━━━ Available data ━━━
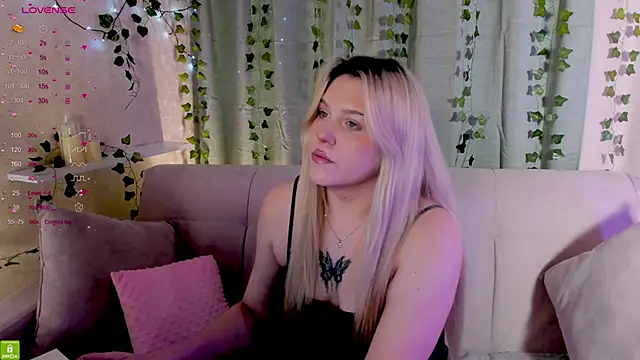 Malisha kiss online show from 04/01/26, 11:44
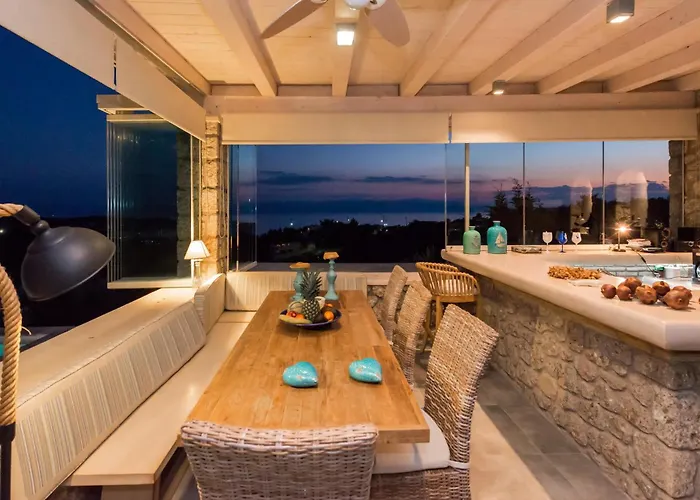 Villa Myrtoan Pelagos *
━━━
━━━ Available data ━━━
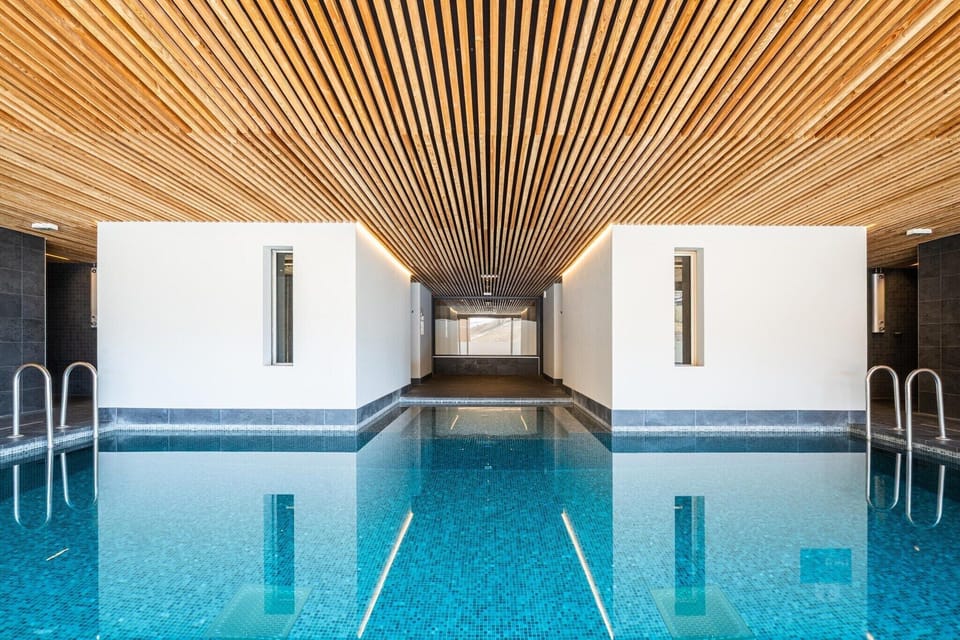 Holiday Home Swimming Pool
━━━
### Problem:
Copy word for word only the lines above from the one with "Malisha kiss online" through the one with "Villa Myrtoan Pelagos *". Leave pictures out.

### Answer to the exercise:
 Malisha kiss online show from 04/01/26, 11:44
 Villa Myrtoan Pelagos *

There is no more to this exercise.